In an attempt not to be rigidly dogmatic, we have given a definition of darkness, and an example of a society where there were different shades of the same; where torture and extermination were known or not, but racism and brutality, without any doubt.  We have backtracked to the idea of torture in the Dark Ages, and then returned to the present, showing how authority uses concealment of its agents from our eyes. We then compared the lifestyle of hermits and the cloistered with that of sects.  This was followed by a few lines on other forms of keeping light away, and finally, a Utopian solution, which by its very nature, cannot be put into practice.

What remains for us is that in clear-cut cases, we, as individuals, are to be examples of light in the darkness.  Where we have the necessary courage, we can undertake such legitimate procedures as to encourage authority to be more responsible.  If we go further, it’s over to the dark side.  The religious person can pray, others can only hope.

[1] Our reference is specifically to Nazi Germany and the Soviet Union.  For the former, see “The Gestapo is Born” in The History Place. (article not linked, as unsuitable for younger readers).  For the latter, see Gulag: Soviet Prison Campos and their Legacy, pp. 15, 16.  Our reference is more to the arrests than the vehicles, but they go together.

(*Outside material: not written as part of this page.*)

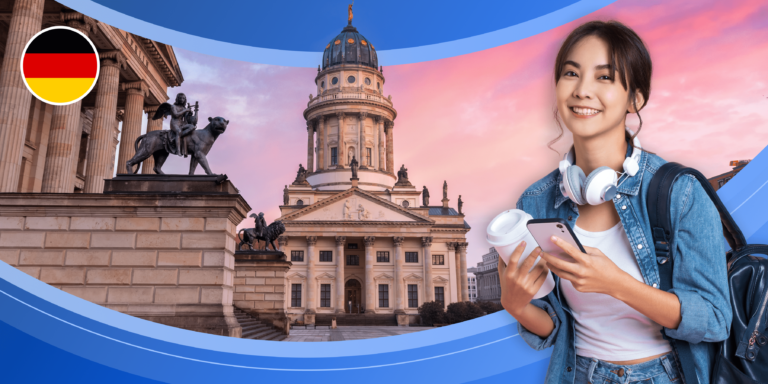A young woman wearing headphones and a backpack, and carrying a phone and a disposable coffee cup is framed by the German flag and two impressive stone buildings with ornate sculptures at twilight.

[2] In the Waco case, total government victims and fatalities were about 25%, with 5% fatalities, while the other sideat least 58%, more if some individuals left the site voluntarily before the denouement. In the Moscow Theatre Hostage Crisis, police forces managed to avoid the 80% casualty rate which could have been caused by a successful terrorist action.  Only 15% of the hostages were killed, all the terrorists, and none of the government forces.  The attack had international approval.